The marriage of ASX listed Azonto Petroleum to the unlisted Calima Energy is essentially a story of money meets management experience with the marriage consummated at one of the best addresses in town, the Montney oil and gas play in Canada.
Azonto is chaired by Perth corporate player Glenn Whiddon who has a knack for controlling small cap public companies with real cash in the bank.
The Subiaco based company brings its $6.4m pile of cash to the deal and will look to raise a further $2.25m and up to $4.5m after a capital consolidation on a 1 for 3 basis.
Calima is the love child of a group of oil and gas specialists who have a stellar record of finding substantial oil and gas reserves and building multi-billion dollar businesses off the back of them.
The company is headlined by Alan Stein and Jon Taylor, both of whom will join the Azonto board as Managing Director and Technical Director after Azonto receives shareholder approval to change its name to Calima Energy.

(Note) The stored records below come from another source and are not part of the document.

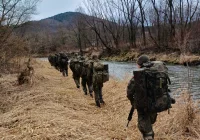 Zimowe szkolenie Terytorialsów - zdjęcie główne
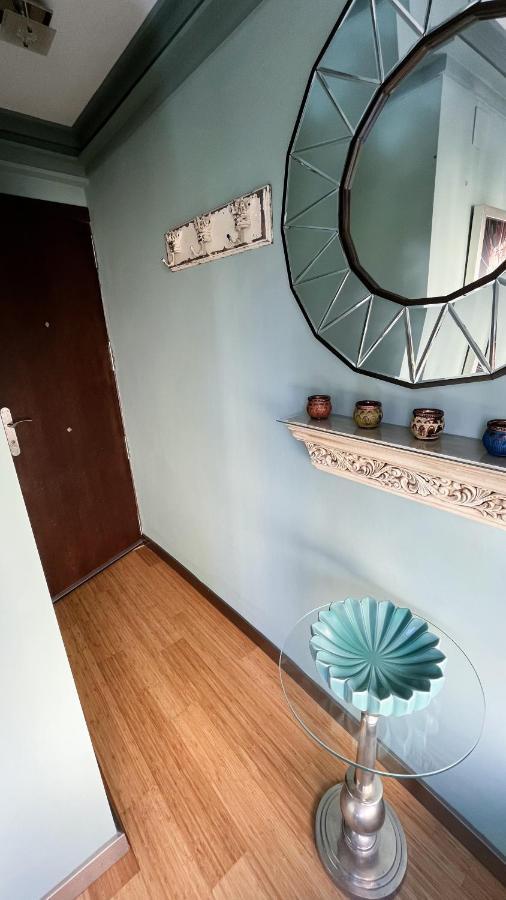 180 Home Luxury N. De Los Angeles Sevilla Eksteriør billede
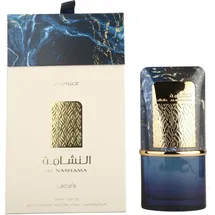 Lattafa Al Nashama Caprice Eau de Parfum 100 ml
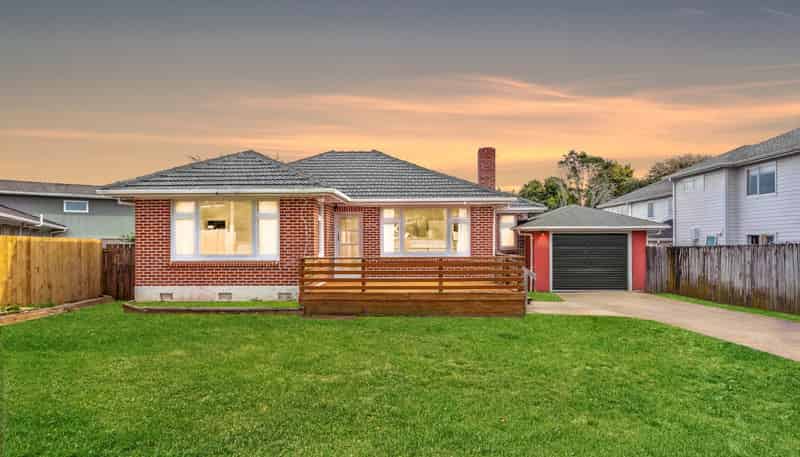 70A Grove Road, Papakura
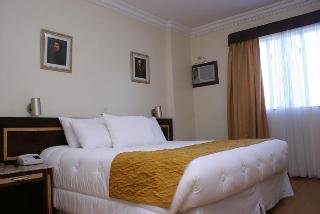 Carlton Plaza São José dos Campos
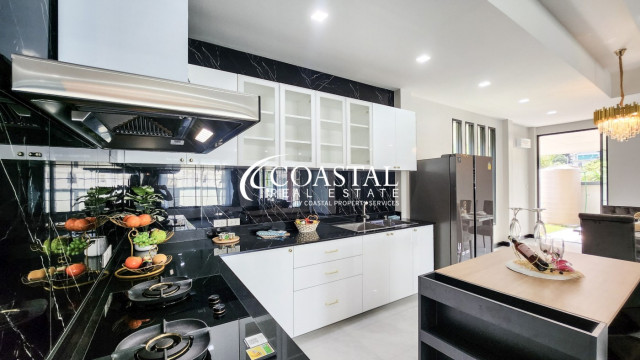 House For Sale And Rent Mabprachan/Pong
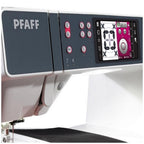 PFAFF  Creative 3.0 Sewing and Embroidery Machine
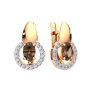 Серьги 3S90205.14K.R.ZZ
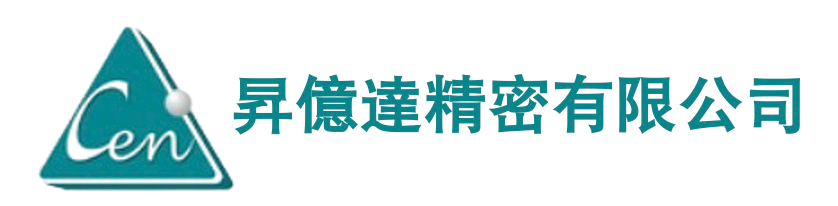昇億達 Logo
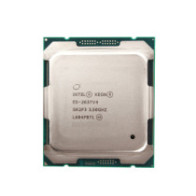 Intel Xeon E5-2637V4 processor 3.5 GHz 15 MB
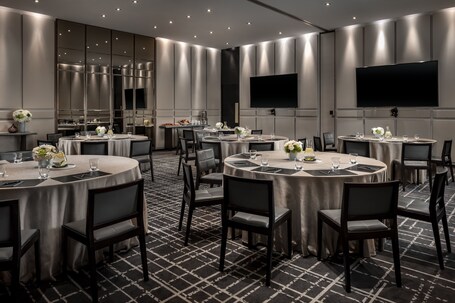 The Hazelton Hotel Toronto - Image 51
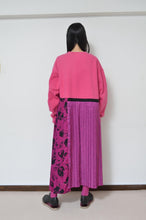 Load image into Gallery viewer, PLEATS OP_MEGUMU YAMAMOTO_Maria Callas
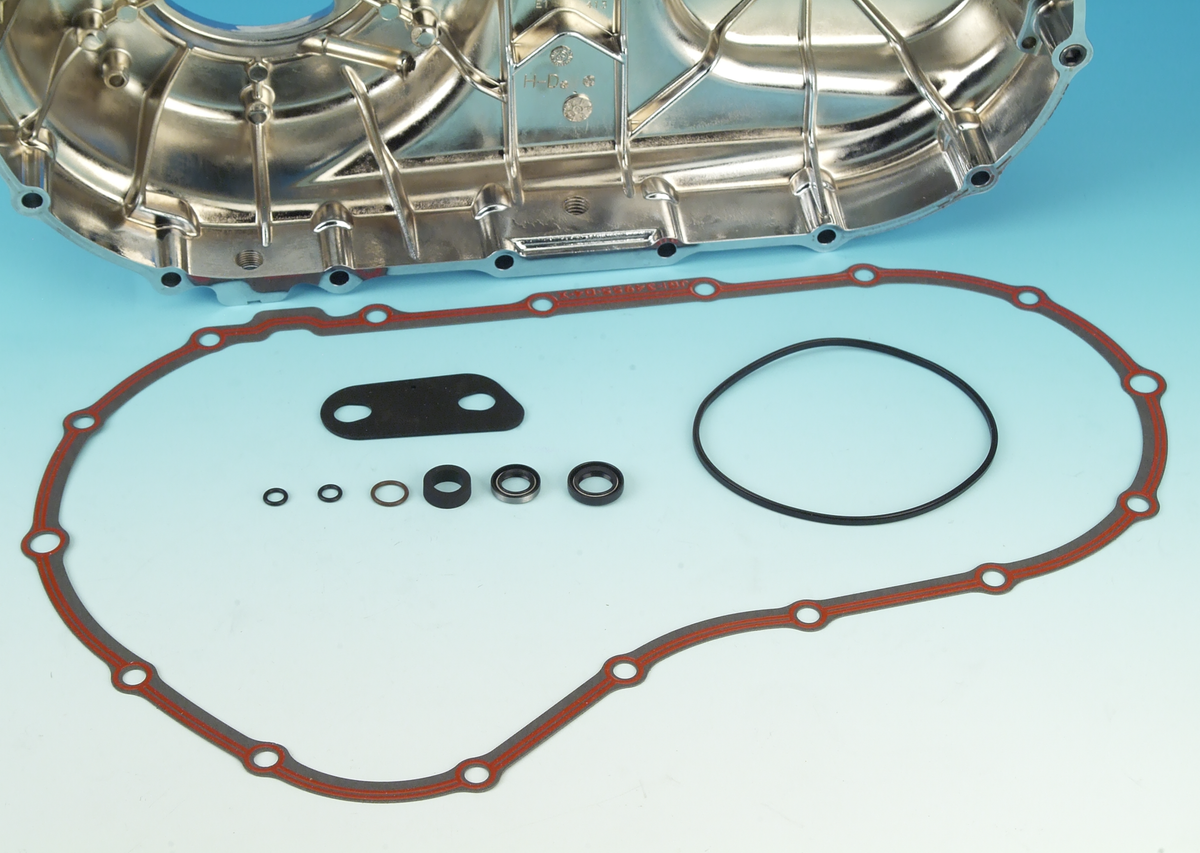 JGI-34955-04-K - GASKET KIT,PRIMARY COVER PAPER – James Gaskets Inc.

The other key players in Calima, Richard Higgins, Justin Norris and Mark Sofield, will also join the Azonto management team, initially as consultants.
The group of five Geoscientists behind Calima have a fascinating record in the oil and gas business.
It started with the creation of Fusion Oil and Gas PLC and the raising of seed capital at 5 pence a share in the UK in 1998.
Fusion went on to make several play opening green fields discoveries in West Africa and listed on the UK AIM market for 50 pence a share, representing a 10 fold premium for seed investors.
The company hit a peak of 75 pence in 2001 and was later taken out by Sterling Energy in 2003.
The group of five behind Fusion then moved on to create Ophir Energy PLC in 2004 with a round of seed capital priced at 38 pence a share before discovering around 20TCF of gas in Equatorial Guinea and Tanzania
Ophir was listed on the UK LSE at two pounds fifty in 2011 and hit a peak of six pounds before muscling its way into the FTSE 250 with a market cap of nearly 2 billion pounds in 2012.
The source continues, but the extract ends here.